DIRECTIONS:
Within the lines below, the span from the line with "Another thing unveiled" to the line with "Hi, it's me, Tim", both ends included, is to be reproduced exactly, with pictures omitted.

RECORDED INFORMATION:
------------------------------------------------------------------------
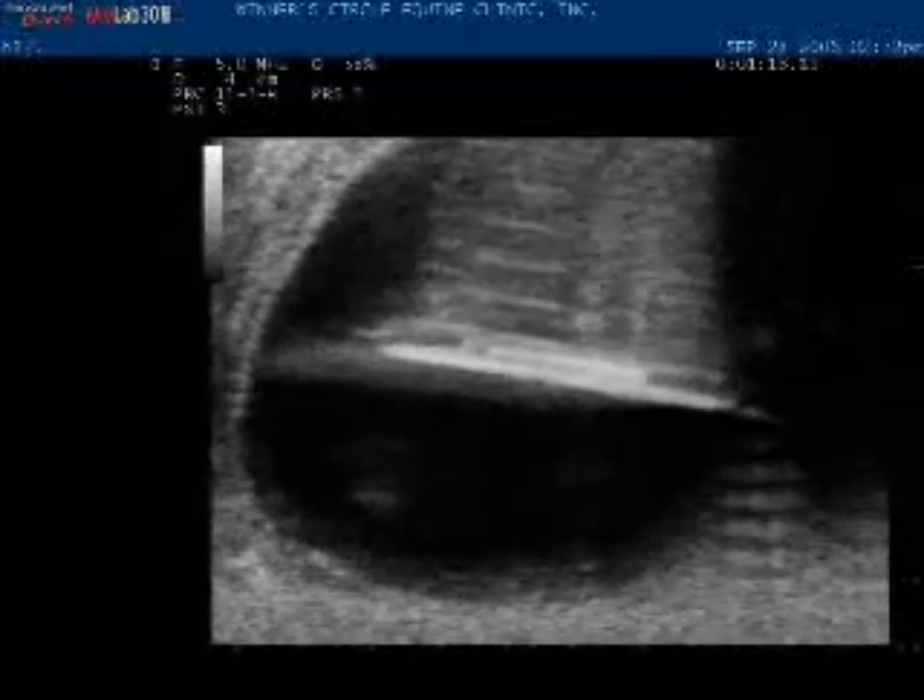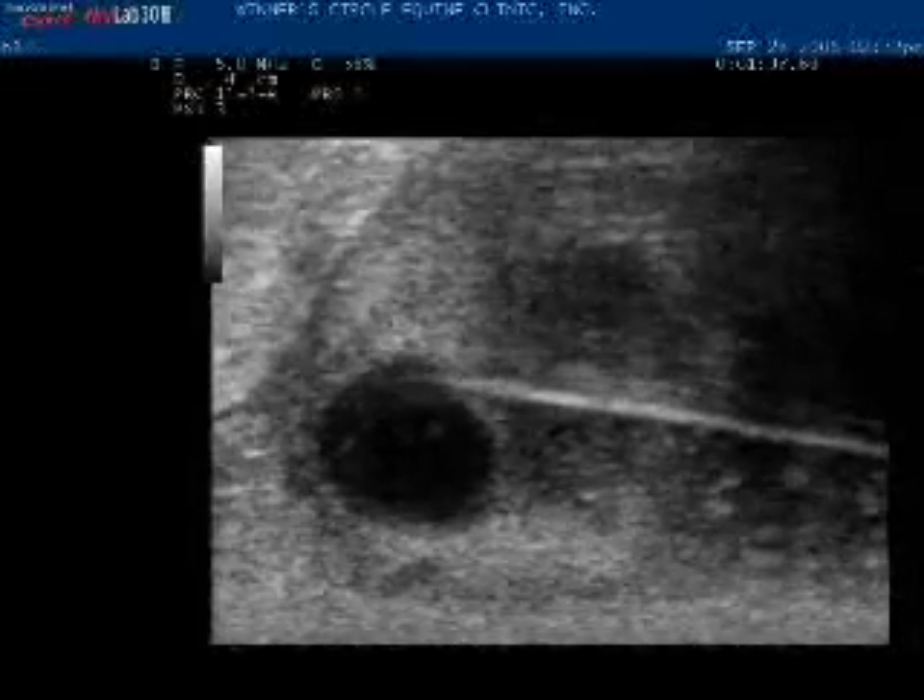It has been refined to the point that it is now commercially available. The idea is mares that have a problem uterus — whether it's a cervix, whether it's infection, whether it's chronic urine or fluid pooling — and after repeated attempts at embryo transfer or embryo retrieval have been unsuccessful, this allows us an opportunity to still get babies from those valuable mares.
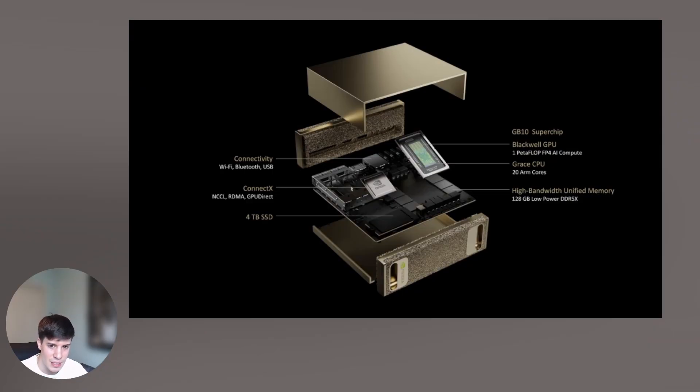Another thing unveiled at NVIDIA's CES event is Project Digits. Project Digits is essentially a consumer supercomputer expected to roll out in May 2025 at $3,000. What makes it stand out is its performance — it delivers up to one petaflop of AI performance and supports models with up to 200 billion parameters. Two Digits systems can connect via NVLink C2C cables to handle 405 billion parameter models.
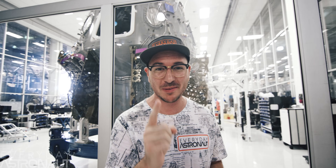Hi, it's me, Tim Dodd, the Everyday Astronaut. I'm here in SpaceX headquarters to show you guys something really exciting.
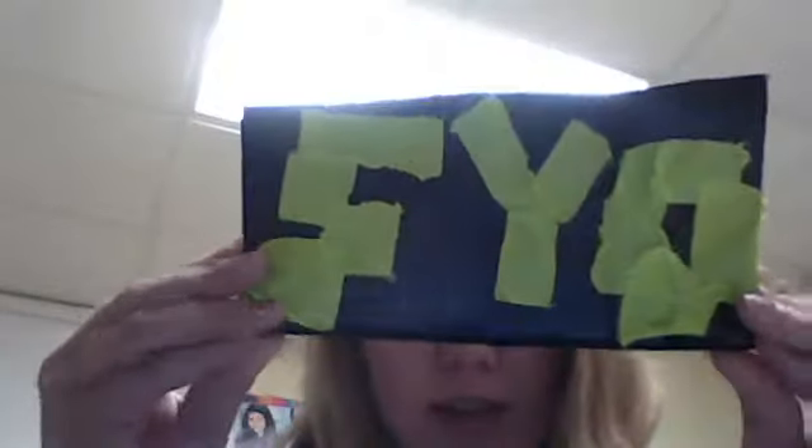Hi guys, it's Sid. I am going to show you a pretty cool creation. It's the Sid Ballet. I spent a lot of time making this so I hope you like it. You can buy one for $10.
------------------------------------------------------------------------
OUTPUT OF THE TASK:
Another thing unveiled at NVIDIA's CES event is Project Digits. Project Digits is essentially a consumer supercomputer expected to roll out in May 2025 at $3,000. What makes it stand out is its performance — it delivers up to one petaflop of AI performance and supports models with up to 200 billion parameters. Two Digits systems can connect via NVLink C2C cables to handle 405 billion parameter models.
Hi, it's me, Tim Dodd, the Everyday Astronaut. I'm here in SpaceX headquarters to show you guys something really exciting.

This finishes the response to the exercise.